Por lá é possível encontrar desde geleias, queijos e bebidas até peças de barro produzidas no Jequitinhonha e artesanatos em madeira dos índios Pataxó. Um produto bem específico da região encontrado no empório é o tijolo: um doce feito de rapadura, mamão verde e gengibre. Tem também o biscoito espremido, feito por uma associação de mulheres de Malacacheta, cidade natal da proprietária da loja, Beatriz Farias.
Segundo a proprietária, muitos clientes procuram a loja como uma forma de se aproximar da cultura de sua terra natal. E ela recebe clientes de vários bairros vizinhos e até turistas de outros estados. “Tem gente que prova o doce e diz: ‘nossa, tem 30 anos que não como isso’, e isso é muito interessante”, revela.
Além disso, somente lá o cliente encontra carne serenada feita segundo tradição de família e torresmo frito fresquinho, pronto para comer igual pipoca, preparado carinhosamente pela própria Beatriz.
Ela conta que a história do empório começou ao lado de um grande amigo, o músico Tau. Ambos eram da região do Mucuri e Jequitinhonha e queriam trazer a tradição de suas terras para BH. “A gente tinha um sonho em comum: além da nossa música, queríamos mostrar a riqueza da gastronomia e da arte da nossa região”, diz.

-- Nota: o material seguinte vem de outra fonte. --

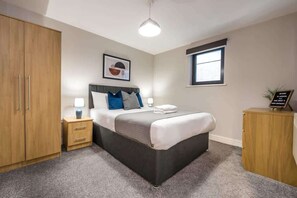 1 bedroom, iron/ironing board, WiFi, bed sheets - Host & Stay | Ropewalks Apt (Liverpool)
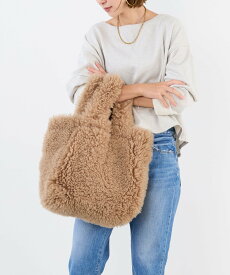 【SALE／30%OFF】LISA CONTE 【Lisa Conte'】リバーシブルムートンバッグ-AZZURRA マイカアンドディール バッグ ショルダーバッグ ベージュ【送料無料】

A loja foi inaugurada pouco antes da pandemia, em março de 2020. “Nossa missão era trazer o pequeno artesão do barro, da palavra e da gastronomia. Era promover essa experiência da vivência do sabor da comida, mas também do sabor e da cor da arte dos vales, da afetividade”, sintetiza Beatriz. E foi isso que fizeram. Hoje a loja tem cerca de 90 produtos dos vales do Jequitinhonha, Mucuri, Rio Doce, Paraopeba, além do Sul de Minas e região metropolitana de BH. E ela faz questão de conhecer cada produtor. “É uma forma de promover a economia criativa, que fica tão distante, tão anônima”, diz.
E muito além de promover a gastronomia de Minas, o empório também tem a proposta de promover artistas regionais. Após o falecimento de Tau, em 2023, o local ganhou um espaço em sua homenagem, onde, de tempos em tempos, Beatriz reúne amigos e promove pequenos eventos com a presença de artistas locais. “Hoje nesse espaço fica o chapéu que Tau usava, tem alguns elementos que faziam parte da vida dele, como um violão que ele ganhou do pai”, comenta. Com tudo isso, o espaço ultrapassa o sentido de empório e oferece muito mais. “Dois artistas que amam sua terra e que tinham um sonho sonharam juntos e criaram juntos esse espaço de promoção de bem-viver”, sintetiza Beatriz.